A Cardinals franchise that has always prided itself on its draft-and-develop strategy to serve as the lifeblood for its talent pool has now been forced into uncomfortable territory, where they will eventually have to ponder some major, direction-changing decisions.
The Cardinals suffered one of their toughest campaigns in 2023, bottoming out at 71-91 and finishing last in the division for the first time in 33 years. A season such as this has a way of making a franchise reevaluate the way it operates and become much more open to change -- even though that change defies a lot of what it has believed for years.
A Cardinals franchise that has purposefully stayed out of the open bidding wars of MLB free agency is now looking at that avenue to try and distance itself from a poor 2023 season. A Cardinals franchise that has openly disavowed giving pitchers long-term contracts -- especially ones on the wrong side of 30 years old -- is about to do just that when the free-agency machine starts humming in full force in the coming weeks. A Cardinals franchise that has always valued its young and developing prospects as nearly untouchable pieces will likely have to use some of them as trade bait to help them lure reliable pitching to Busch Stadium.
That’s the position the Cardinals now find themselves in, and president of baseball operations John Mozeliak knows the only way out of this predicament is to find answers to the kinds of questions he hoped to never ask.
Can the Cardinals possibly outspend the deep-pocketed, big-market competition to land 25-year-old Japanese strikeout artist Yoshinobu Yamamoto or likely National League Cy Young Award winner Blake Snell?

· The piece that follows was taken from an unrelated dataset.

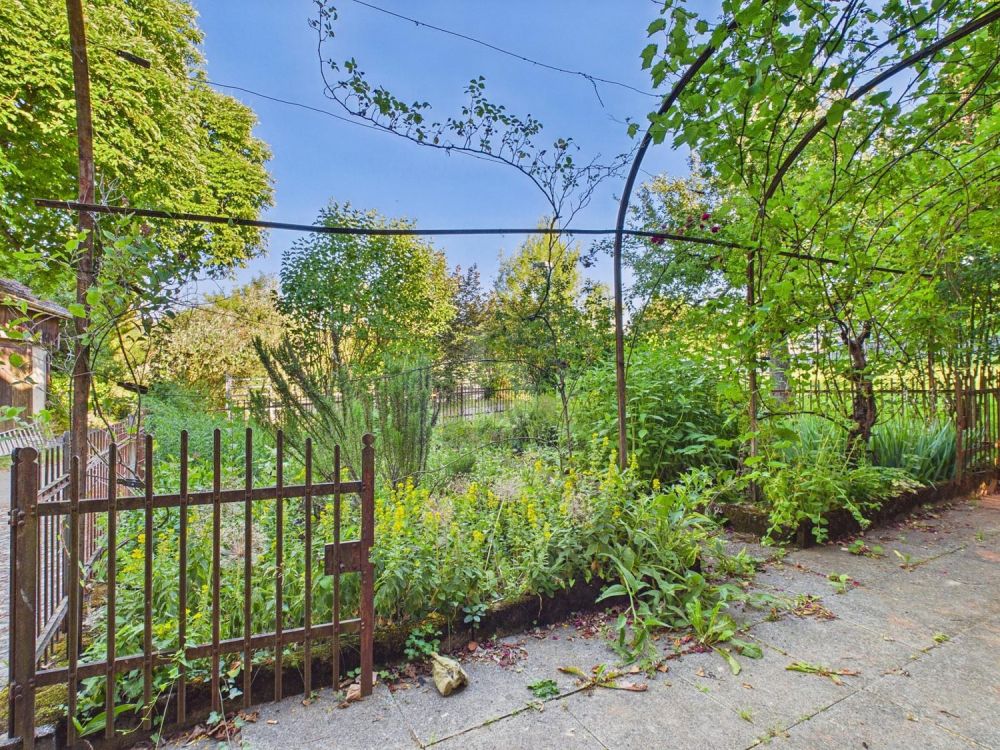 NEUBAU STANDARD, HISTORISCHES GEBÄUDE, GARTEN - Bild 5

Can they utilize their culture and cash to get Aaron Nola to leave a perennial power with the Phillies? Can they somehow make up with World Series hero Jordan Montgomery after dealing him to the Rangers?
Do Sonny Gray and/or Michael Wacha have enough left in the tank to be the kind of difference-makers they need? Can they stomach potentially trading the 50-home run potential of Nolan Gorman, the Gold Glove grit of Brendan Donovan or the reliable steadiness of Tommy Edman if it means landing Tyler Glasnow, Logan Gilbert, Dylan Cease or Shane Bieber?
“Look, you have to have an understanding of how you value the player,” Mozeliak said on Wednesday. “Like in any [free agency or trade] markets, there are times when you have to make uncomfortable decisions. We understand that.
“In an offseason where there is certainly a lot of noise of what may or may not happen with the market … our approach is going to be that we understand that there might be some uncomfortable decisions for us, and we’ll see how we react to it. But we’re also not going to just do something stupid just to say that we did it.”
If Mozeliak had things to do over again -- and, in some ways, he does this winter -- he would have fortified his team’s thin pitching staff prior to last spring. A plan which might have kept the franchise away from the perilous position it sits now. Mozeliak has had months to replay that decision, and he has been quick to point blame squarely toward his own chest.
This may push the Cards out of their comfort zone, where they will have to spend big free-agent dollars or prospect capital to acquire the pitching they need. There’s already some queasiness about the predicament, but it’s clearly the only way.
“When you think about the modern game, pitchers don’t go as deep as they once did and you have to backfill for that -- that puts more pressure on your bullpen,” Mozeliak said. “So, we’re hoping to add more than one pitcher that can give us innings. I understand it’s going to be difficult, but for us to get back to where we need to be, we have to upgrade that pitching.”